### WHAT IS REQUIRED:
Please restate the entries below word for word, leaving out any pictures.

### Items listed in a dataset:
───
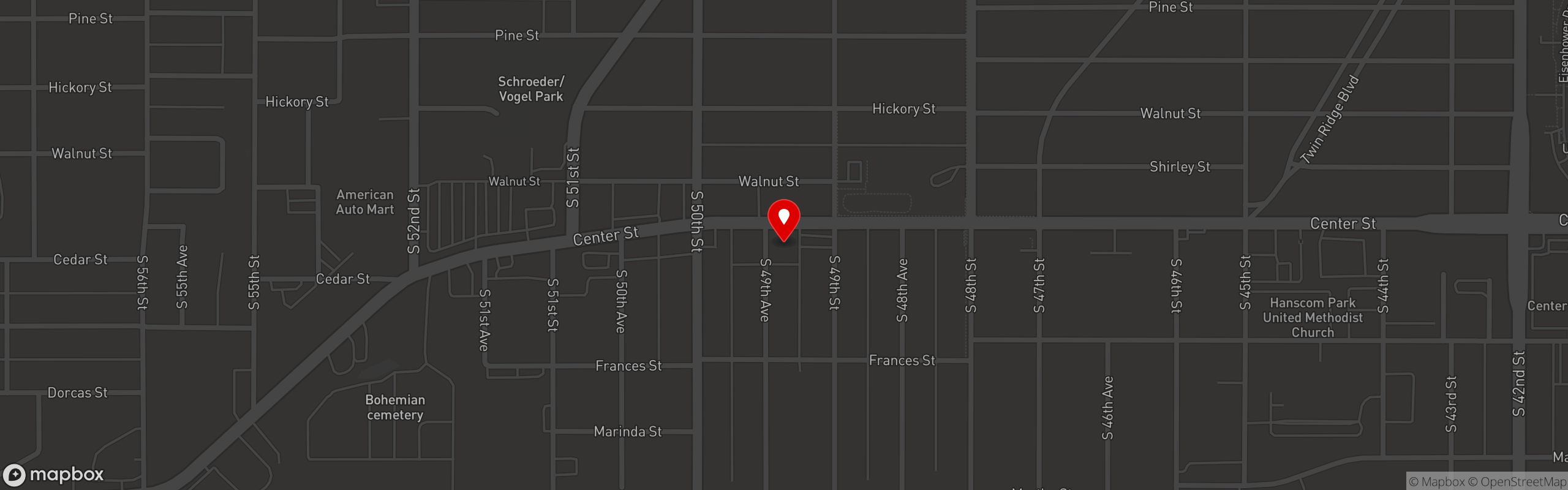 Street map pinning Gorat's Steak House in Gorat's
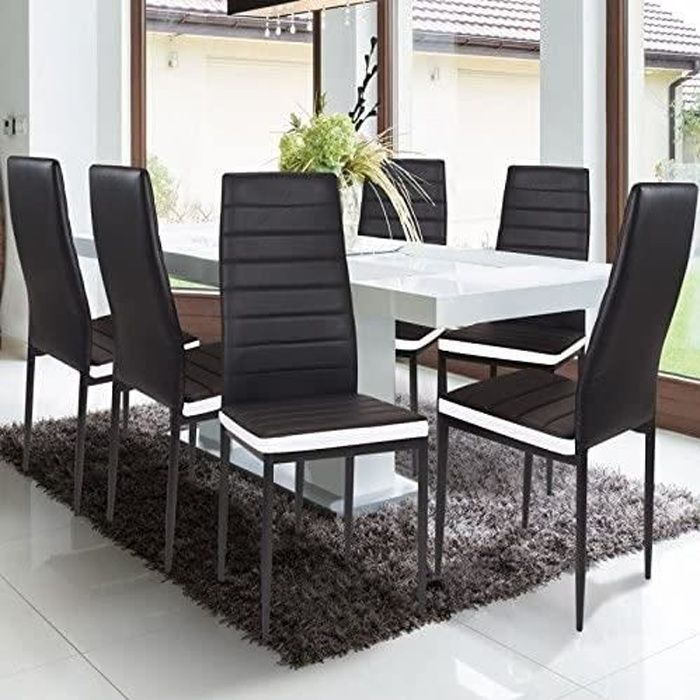 QIAN - Lot de 6 Chaises Romane en PU Noir/Blanc pour Salle à Manger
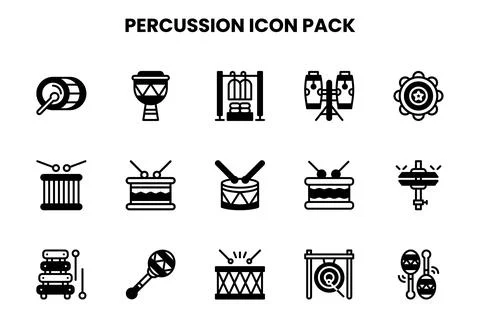Percussion DuoTone Design Icons Pack Stock Illustration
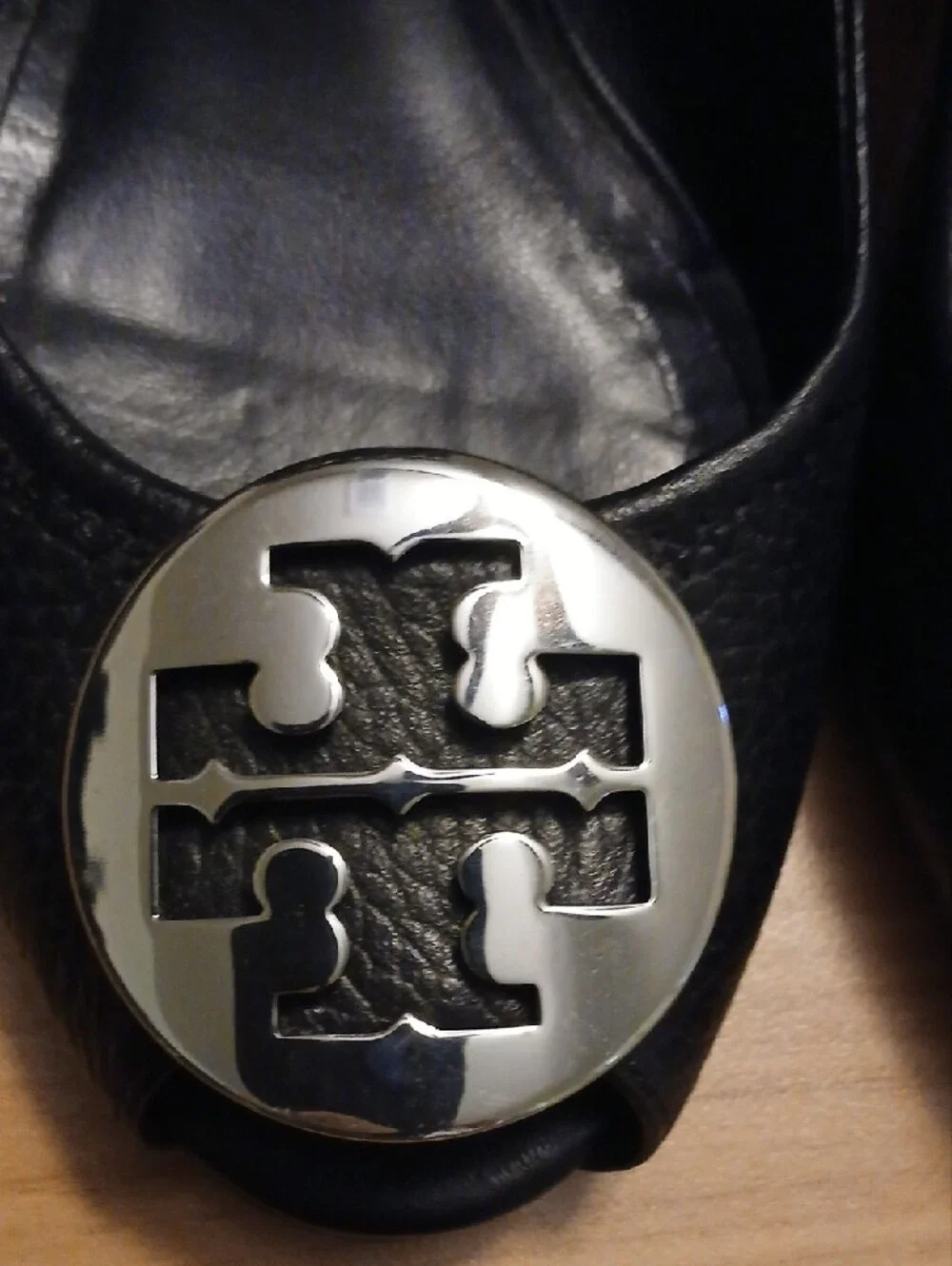 Tory Burch Black Pebble Leather Peep-Toe Wedges with Silver  Medallion Size 8M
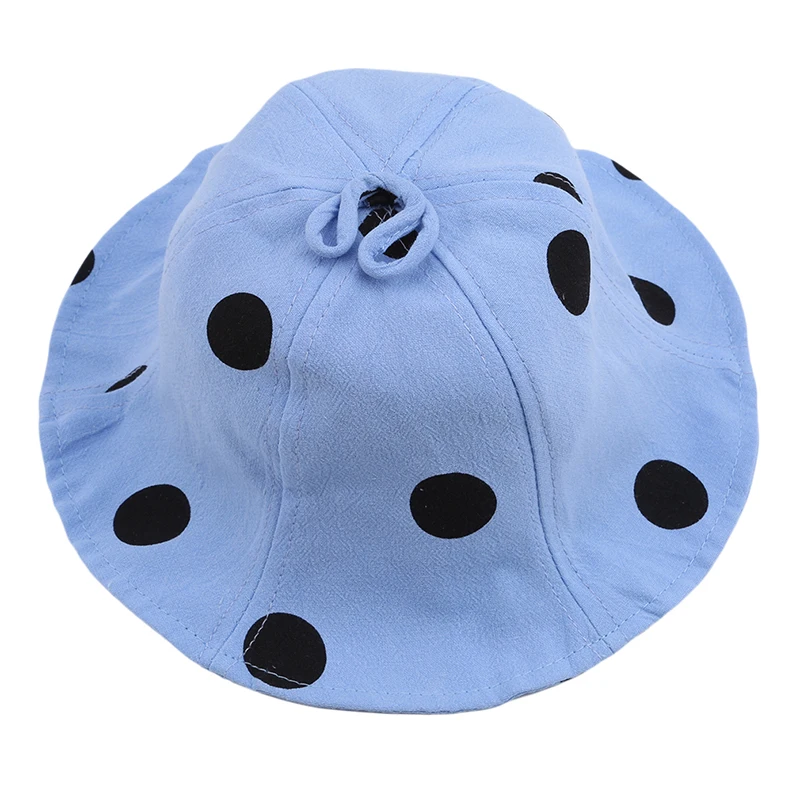 

Best Selling Fashion Big Polka Dot Embroidery double-sided Fisherman Hat For Kids Outdoor Sun Protection Bucket Sun Hat Kids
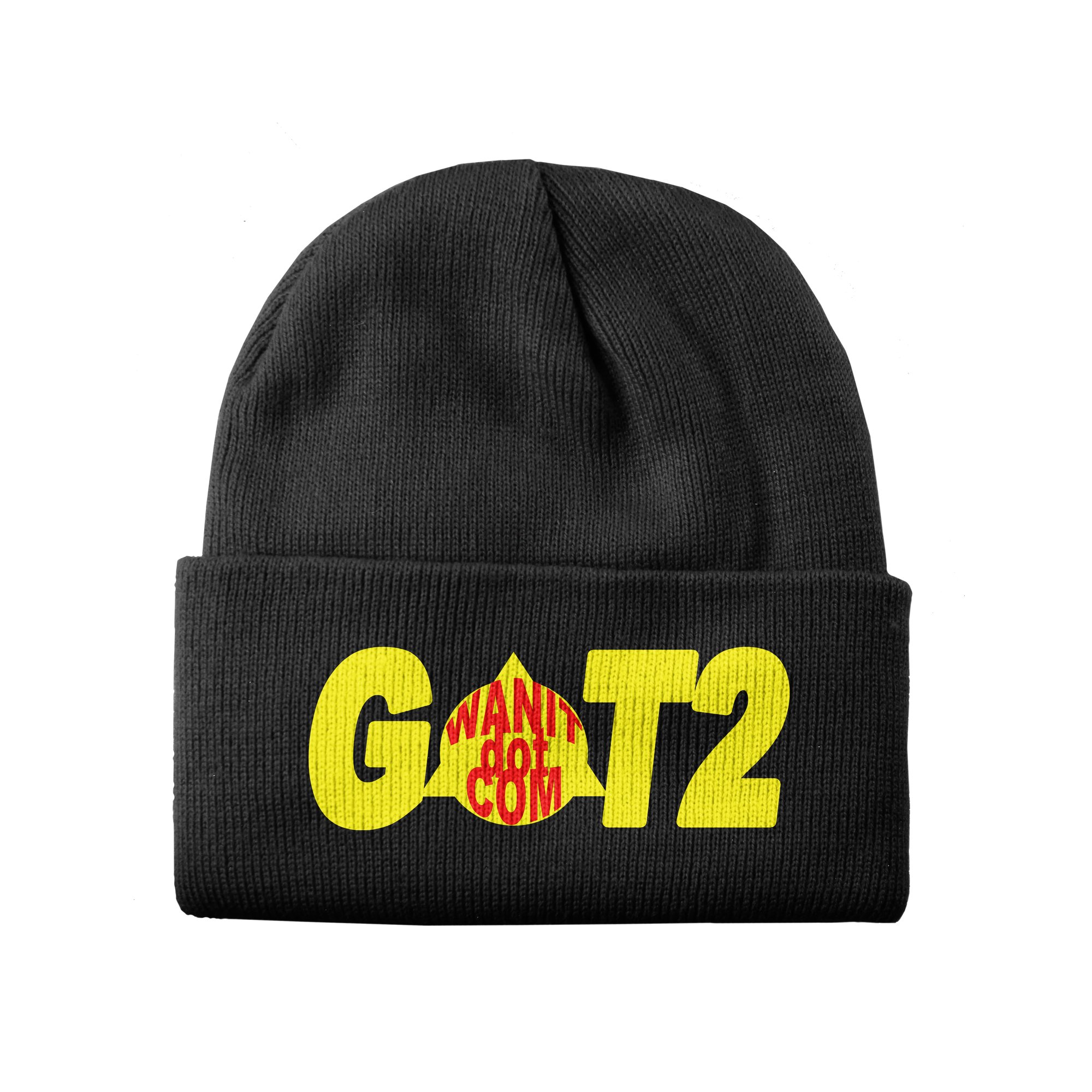Image of Cuffed Beanie-G2W logo YELLOW and RED on BLACK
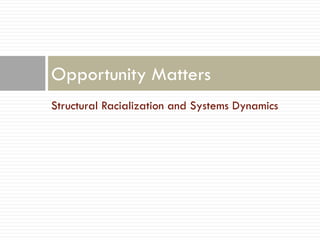 Opportunity Matters
Structural Racialization and Systems Dynamics
 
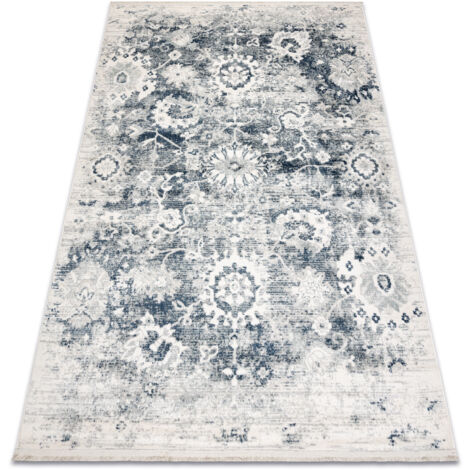 DISTIN 0822A navy blue / blue / white modern carpet - Rosette, vintage, fringes blue 160x230 cm (1/5)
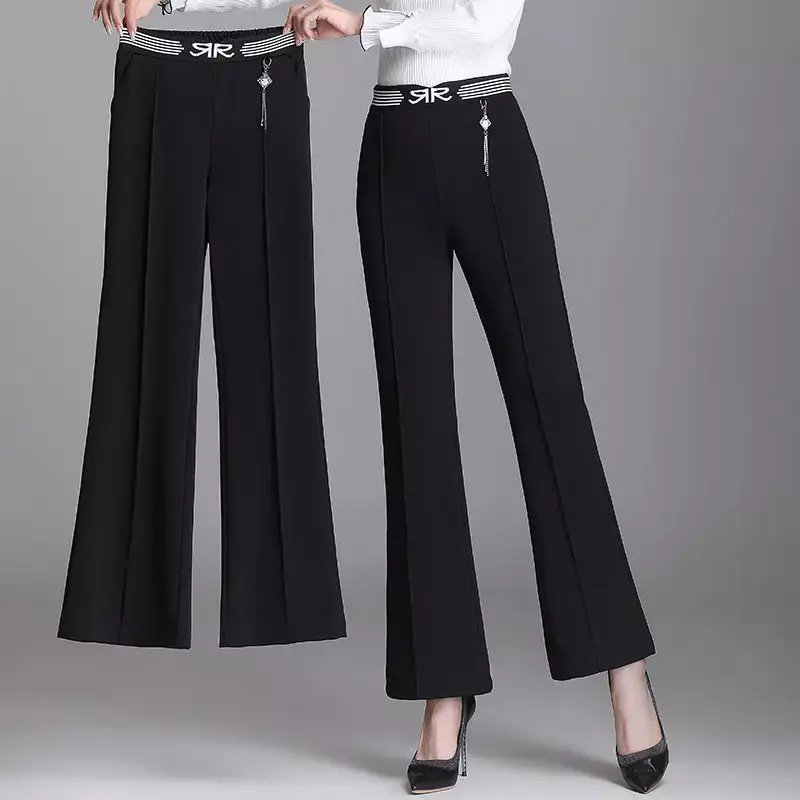 Damska moda biurowa spodnie Flare koreańska, wiosenna jesień kobiety wysoki stan prosta w jednolitym kolorze kieszeń Slim wszechstronny spodnie typu Casual Z252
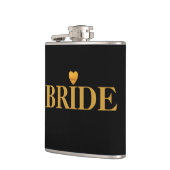 Zwart Goud Hart Bruid Heupfles (Links)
───
### RESULT OF THIS EXERCISE:
 Street map pinning Gorat's Steak House in Gorat's
 QIAN - Lot de 6 Chaises Romane en PU Noir/Blanc pour Salle à Manger
Percussion DuoTone Design Icons Pack Stock Illustration
 Tory Burch Black Pebble Leather Peep-Toe Wedges with Silver  Medallion Size 8M

Best Selling Fashion Big Polka Dot Embroidery double-sided Fisherman Hat For Kids Outdoor Sun Protection Bucket Sun Hat Kids
Image of Cuffed Beanie-G2W logo YELLOW and RED on BLACK
 Opportunity Matters
Structural Racialization and Systems Dynamics
 
 DISTIN 0822A navy blue / blue / white modern carpet - Rosette, vintage, fringes blue 160x230 cm (1/5)
 Damska moda biurowa spodnie Flare koreańska, wiosenna jesień kobiety wysoki stan prosta w jednolitym kolorze kieszeń Slim wszechstronny spodnie typu Casual Z252
 Zwart Goud Hart Bruid Heupfles (Links)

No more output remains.